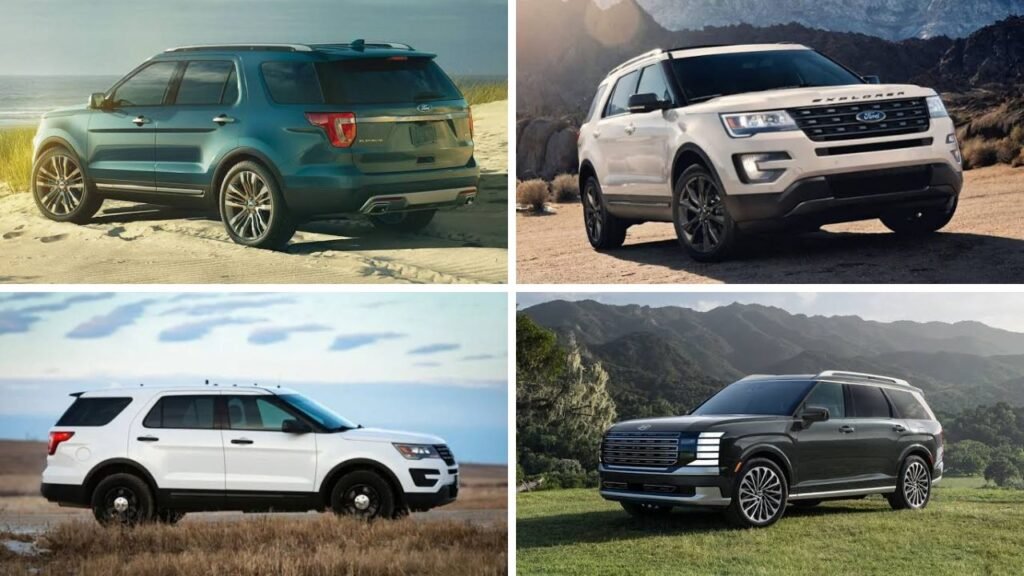 Ford Recalls More Than 288000 Explorer SUVs Over Roof Rail Cover Safety Risk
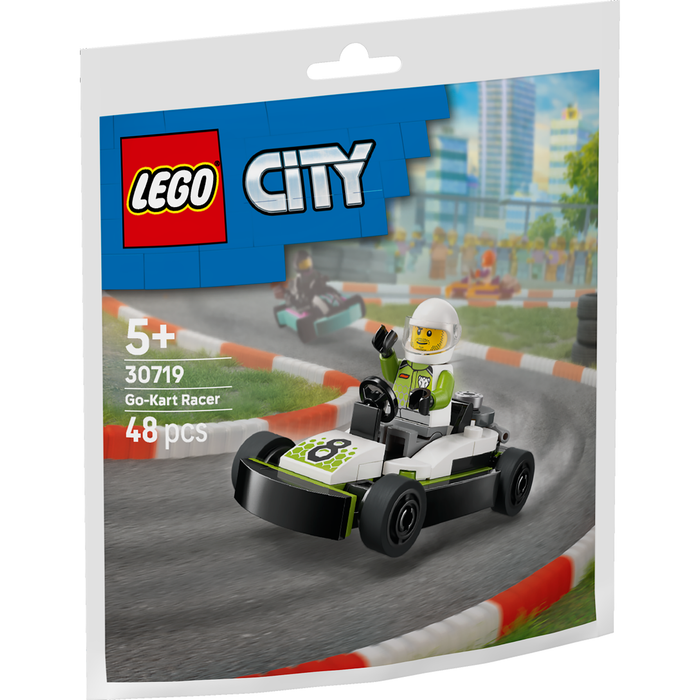 LEGO City 30719 Go-Kart Racer Recruitment Bag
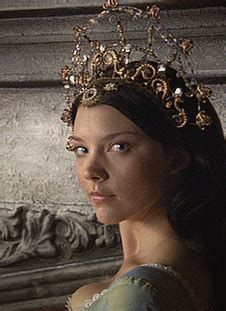 Anne boleyn is one of the most famous queens in english history, though she ruled for just three years. Anne Boleyns blue-golden gown from The Tudors 1x06 ...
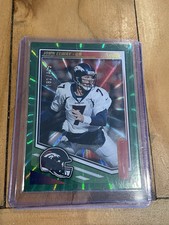 2025 Score John Elway Green Explosion Parallel #69 Broncos SP 182/415 HOF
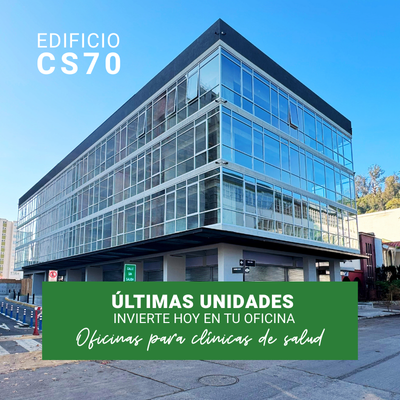 Centro Salud CS70 - Oficinas para clínicas de salud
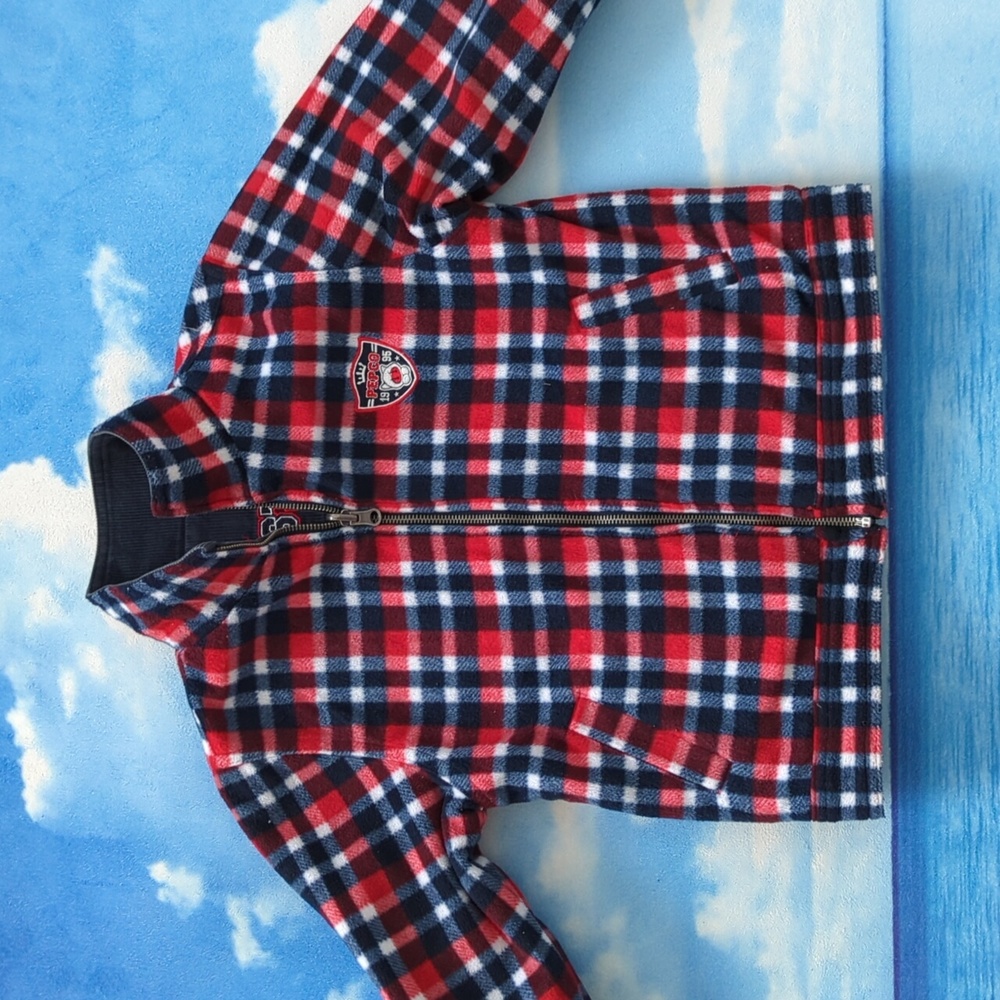 6Y boys double-sided jacket
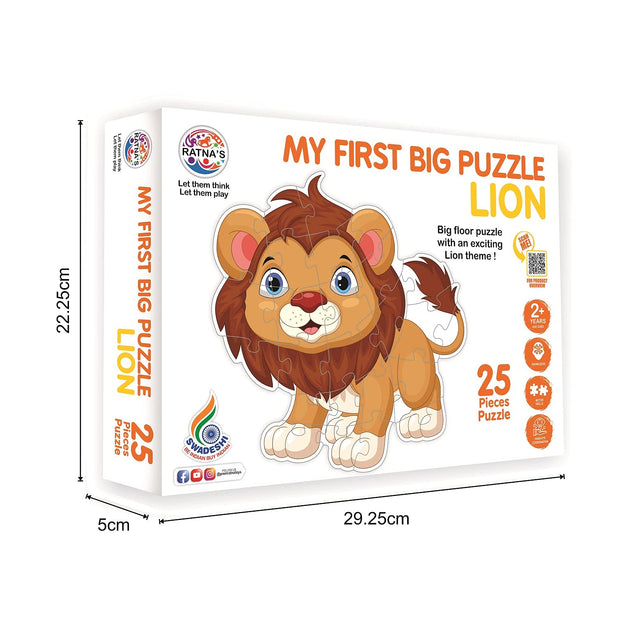 Ratna's My First Big Puzzle Lion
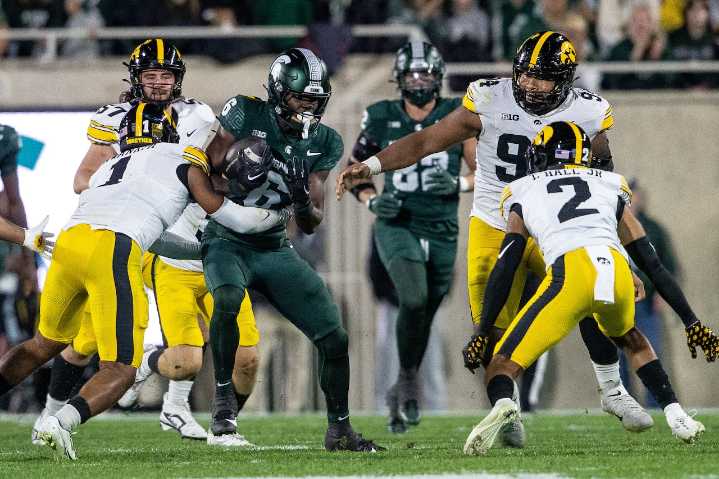 Kickoff time, TV announced for Michigan State at Iowa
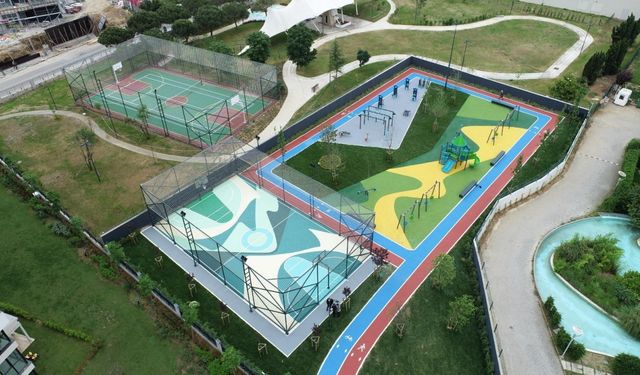 Ümraniye'ye son 5 yılda 63 park ve 92 spor sahası kazandırıldı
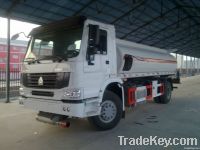 4X2 HOWO 10000 Liter Fuel Tanker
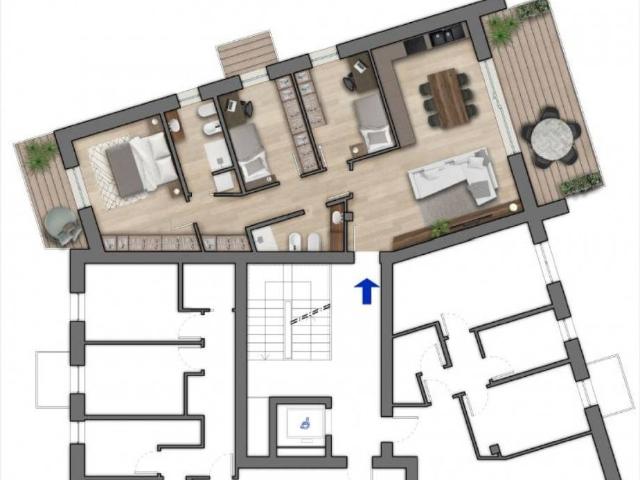 Appartamento in vendita a Ovest, Brenzone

_ _ _ _ _

=== PROMPT ===
Omit the pictures and copy the records above exactly.

=== EXERCISE OUTPUT ===
 Ford Recalls More Than 288000 Explorer SUVs Over Roof Rail Cover Safety Risk
 LEGO City 30719 Go-Kart Racer Recruitment Bag
 Anne boleyn is one of the most famous queens in english history, though she ruled for just three years. Anne Boleyns blue-golden gown from The Tudors 1x06 ...
 2025 Score John Elway Green Explosion Parallel #69 Broncos SP 182/415 HOF
 Centro Salud CS70 - Oficinas para clínicas de salud
 6Y boys double-sided jacket
 Ratna's My First Big Puzzle Lion
 Kickoff time, TV announced for Michigan State at Iowa
 Ümraniye'ye son 5 yılda 63 park ve 92 spor sahası kazandırıldı
 4X2 HOWO 10000 Liter Fuel Tanker
 Appartamento in vendita a Ovest, Brenzone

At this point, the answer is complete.